Enflasyonda düşüş yaşanmasına karşılık bu düşüş beklendiği kadar hızlı değil. Merkez Bankası 2024 sonu için enflasyon tahminini yüzde 38’den yüzde 44’e revize etmek zorunda kaldı. Bu ağır düşüş 2025 yılını da olumsuz etkileyecek gibi görünüyor.

Döviz kurları, TL’ye verilen faizin çekiciliği nedeniyle bir yandan carry trade yoluyla dışarıdan gelen dövizler bir yandan da Türklerin bu faizden yararlanmak amacıyla dövizden Türk Lirasına dönüşlerinin etkisiyle sabit denilebilecek bir seyir izliyor. Maliyet enflasyonunun önemli bir bileşeni olan kurların sabit kalması enflasyona arz yönüyle olumlu etki yapıyor. Faizin yüksek olmasının yarattığı etkiyle mallara olan talebin düşmesi talep enflasyonunu frenlemekle birlikte hizmetlere yönelik talepte azalma olmaması hatta artış olması ise talep enflasyonunu olumsuz etkiliyor. Yaşam pahalılığı, konut, araba, beyaz eşya fiyatlarının yüksekliği nedeniyle bu tür malları satın alma umudu kalmayanlar ellerine geçen parayı dışarıda lokantalarda, kafelerde, eğlence yerlerinde harcayarak hizmet talebinin yüksek kalmasına neden oluyor. Hizmet talebinin düşmemesinde kayıt dışı ekonominin de büyük etkisi var.
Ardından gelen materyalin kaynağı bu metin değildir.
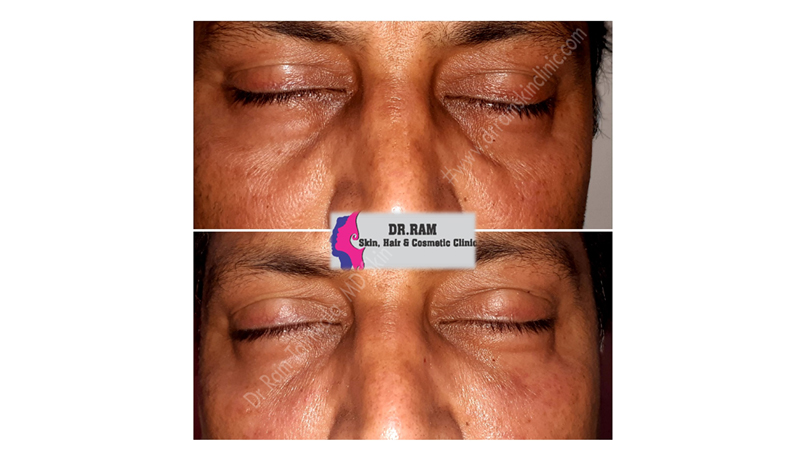 Fillers For Tired Eyes treatment result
Özetle enflasyondaki gelişmelerin artısı enflasyonun gerilemesi eksisi ise yeterince gerilememesi.

Büyüme ve İşsizlik

Enflasyonla mücadele politikası para arzının denetimi, faizlerin yükseltilmesi gibi para politikası ve vergilerin artırılması, kamu harcamalarının kısılması gibi maliye politikası önlemleriyle yürütülür. Bu politikaların yan etkisi genellikle büyümenin düşmesi ve işsizliğin yükselmesidir. Aşağıdaki grafik büyüme ve işsizlik oranlarındaki gelişimi bir arada gösteriyor (grafik TÜİK TÜFE ve İstihdam tablolarındaki veriler kullanılarak tarafımdan hazırlanmıştır.)

Büyüme oranı, uygulanan dezenflasyon programı (özellikle faizin yükseltilmesi) sonucu 2024 yılında düşmüş bulunuyor. Tahminler yılın ortalama yüzde 2,5 – 3,0 arasında bir büyüme oranı ile tamamlanacağı yönünde yoğunlaşıyor. Büyümede yaşanan bu gerilemeye karşın işsizlik oranının yükselmemesi hatta az da olsa düşmesi olumlu bir gelişme olarak düşünülebilir. Çünkü genellikle büyüme oranı düştüğünde işsizlik oranı artar. Buna karşılık enflasyonun gerileme hızındaki yavaşlık yüksek faiz politikasının bir süre daha devam ettirilmesine o da büyümenin o süre içinde düşük kalmasına yol açacağı için işsizlik oranında önümüzdeki dönemde artış görülebilir.

Hazine Nakit Dengesi

Kamu kesimi dengesinin en önemli parçası olan bütçe dengesinin nakit olarak yansımasını Hazine nakit dengesinde görüyoruz. Hazine nakit dengesinin bütçe dengesinden temel farkı bu dengeye giren gelir ve gider kalemlerinin tamamının nakit temelinde kayda alınmasıdır. Oysa bütçe dengesinde giderler tahakkuk, gelirler ise tahsilat temelinde kayda girer. Borçlanma açısından asıl önemli olan tablo nakit dengesidir. Bu dengeye aşağıdaki tabloda yer veriyoruz (tablodaki veriler için kaynak: HMB, Hazine Nakit Dengesi Tablosu.)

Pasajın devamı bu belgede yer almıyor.